WORK REQUEST: Skip pictures in the listing below; copy exactly the lines from the one with "Artaud, l'astre errant" through the one with "SIDEM 93161 EAN: 5413978256280.", inclusive.

SUPPLIED MATERIAL:
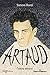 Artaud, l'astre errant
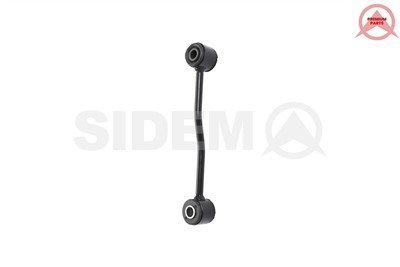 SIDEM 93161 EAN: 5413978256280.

* * *

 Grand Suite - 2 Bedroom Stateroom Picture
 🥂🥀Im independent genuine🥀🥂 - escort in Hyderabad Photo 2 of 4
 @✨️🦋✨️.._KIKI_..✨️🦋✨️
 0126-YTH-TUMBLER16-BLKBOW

...

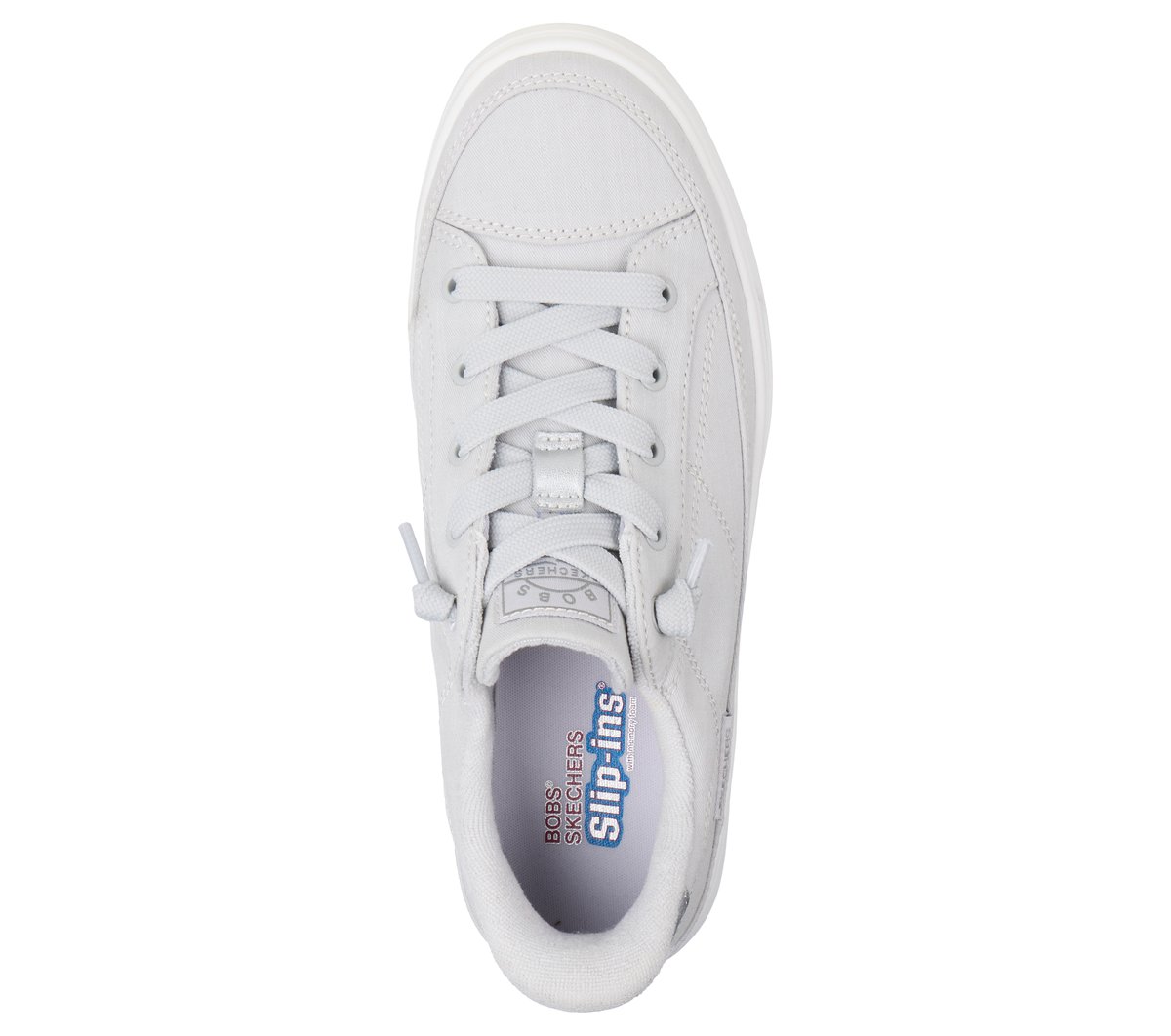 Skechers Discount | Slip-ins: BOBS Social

EXERCISE RESPONSE:
 Artaud, l'astre errant
 SIDEM 93161 EAN: 5413978256280.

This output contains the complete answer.